So how are you going on the stockpiling? Do you have a toilet paper mountain? Do you have a hill of beans and a mound of meat to chew on, along with a lagoon of wine from which to sip these long and lonely evenings?
Bravo bravo, but remember that the state of the mind is as important as the state of the belly, as the wise have known forever. Consider this, from Sa'adi the Persian poet who lived and died 800 years ago.
If thou of fortune be bereft
And of thy store alone are left
Two loaves, sell one, and with the dole,
Buy hyacinths to feed the soul.
I'm not sure about the hyacinths, but the principle is sound. Man does not live by bread alone, nor yet by toilet roll. For just as a dog in the pound pines and eventually gives up the will to live, so we, as social creatures, pine without the stimulus of others. People held too long in isolation go mad. So if we are forced, as much of the world has been forced, into a state of quarantine, what will save us, what are our soul-feeding hyacinths?

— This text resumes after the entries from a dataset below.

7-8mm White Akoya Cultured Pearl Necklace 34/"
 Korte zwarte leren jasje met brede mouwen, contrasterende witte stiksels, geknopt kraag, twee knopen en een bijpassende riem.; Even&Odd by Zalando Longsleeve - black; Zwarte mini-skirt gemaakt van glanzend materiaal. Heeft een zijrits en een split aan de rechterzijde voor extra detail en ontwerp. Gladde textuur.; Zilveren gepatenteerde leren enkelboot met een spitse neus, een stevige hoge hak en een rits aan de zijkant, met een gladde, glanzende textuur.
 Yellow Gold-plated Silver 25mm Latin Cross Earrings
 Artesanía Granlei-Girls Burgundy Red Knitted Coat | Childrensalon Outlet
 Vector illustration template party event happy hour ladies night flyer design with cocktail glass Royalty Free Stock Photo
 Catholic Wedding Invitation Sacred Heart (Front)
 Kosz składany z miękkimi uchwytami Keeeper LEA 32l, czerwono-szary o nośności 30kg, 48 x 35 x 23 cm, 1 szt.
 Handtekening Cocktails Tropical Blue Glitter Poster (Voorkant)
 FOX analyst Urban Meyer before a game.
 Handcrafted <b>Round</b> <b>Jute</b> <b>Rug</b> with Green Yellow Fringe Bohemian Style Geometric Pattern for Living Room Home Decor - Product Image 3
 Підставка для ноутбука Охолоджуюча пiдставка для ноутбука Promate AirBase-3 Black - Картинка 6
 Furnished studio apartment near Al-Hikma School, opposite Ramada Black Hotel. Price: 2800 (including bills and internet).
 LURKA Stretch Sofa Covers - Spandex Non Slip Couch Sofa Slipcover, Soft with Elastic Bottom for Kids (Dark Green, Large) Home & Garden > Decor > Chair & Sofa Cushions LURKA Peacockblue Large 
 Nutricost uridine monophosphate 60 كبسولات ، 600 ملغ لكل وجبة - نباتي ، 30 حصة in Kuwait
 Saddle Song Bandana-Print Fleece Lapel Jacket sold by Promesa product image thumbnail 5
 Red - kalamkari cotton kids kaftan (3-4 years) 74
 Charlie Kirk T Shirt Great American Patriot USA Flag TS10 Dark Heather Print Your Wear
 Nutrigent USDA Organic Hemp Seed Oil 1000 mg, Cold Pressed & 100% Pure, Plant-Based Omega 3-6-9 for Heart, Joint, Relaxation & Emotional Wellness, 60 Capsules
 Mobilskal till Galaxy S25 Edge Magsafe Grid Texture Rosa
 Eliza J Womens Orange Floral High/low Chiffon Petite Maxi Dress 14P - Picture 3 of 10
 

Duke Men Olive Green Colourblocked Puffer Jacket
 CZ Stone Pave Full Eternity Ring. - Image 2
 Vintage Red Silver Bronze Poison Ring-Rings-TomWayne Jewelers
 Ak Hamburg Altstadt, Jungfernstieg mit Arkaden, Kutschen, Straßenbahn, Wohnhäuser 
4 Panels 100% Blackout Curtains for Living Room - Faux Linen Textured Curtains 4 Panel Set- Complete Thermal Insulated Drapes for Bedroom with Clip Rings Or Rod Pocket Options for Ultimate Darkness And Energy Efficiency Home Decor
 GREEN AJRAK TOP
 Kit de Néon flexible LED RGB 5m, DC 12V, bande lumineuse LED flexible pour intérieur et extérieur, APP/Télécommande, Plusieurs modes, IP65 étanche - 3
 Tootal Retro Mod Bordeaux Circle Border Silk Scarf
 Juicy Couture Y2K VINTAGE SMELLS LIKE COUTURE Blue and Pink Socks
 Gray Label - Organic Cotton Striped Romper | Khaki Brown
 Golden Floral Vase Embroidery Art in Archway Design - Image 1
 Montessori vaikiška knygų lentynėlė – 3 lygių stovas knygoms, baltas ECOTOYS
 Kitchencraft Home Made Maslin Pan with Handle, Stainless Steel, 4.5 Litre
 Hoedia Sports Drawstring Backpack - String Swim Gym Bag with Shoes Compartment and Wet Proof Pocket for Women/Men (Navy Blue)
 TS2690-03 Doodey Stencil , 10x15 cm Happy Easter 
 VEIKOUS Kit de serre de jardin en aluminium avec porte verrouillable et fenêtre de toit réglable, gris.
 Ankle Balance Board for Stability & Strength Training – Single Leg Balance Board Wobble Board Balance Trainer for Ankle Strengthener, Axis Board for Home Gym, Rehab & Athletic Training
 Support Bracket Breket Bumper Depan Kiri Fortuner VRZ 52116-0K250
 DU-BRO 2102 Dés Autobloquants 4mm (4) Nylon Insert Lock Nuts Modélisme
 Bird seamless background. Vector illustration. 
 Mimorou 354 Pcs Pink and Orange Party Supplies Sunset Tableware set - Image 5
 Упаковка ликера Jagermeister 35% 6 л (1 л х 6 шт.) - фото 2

Well first there's that old friend of the lonely, the television and its sprawling cousin the internet. There's some good stuff on television these days, fictions that grip and documentaries that delve, but they remain the exceptions. And even the best television doesn't fully satisfy the viewer, for the simple reason that to watch television is to be passive. There is nothing to do but absorb the images and sounds, and mere passivity is never enough for us. We want to take part. You don't take part with television. But you do with the printed word.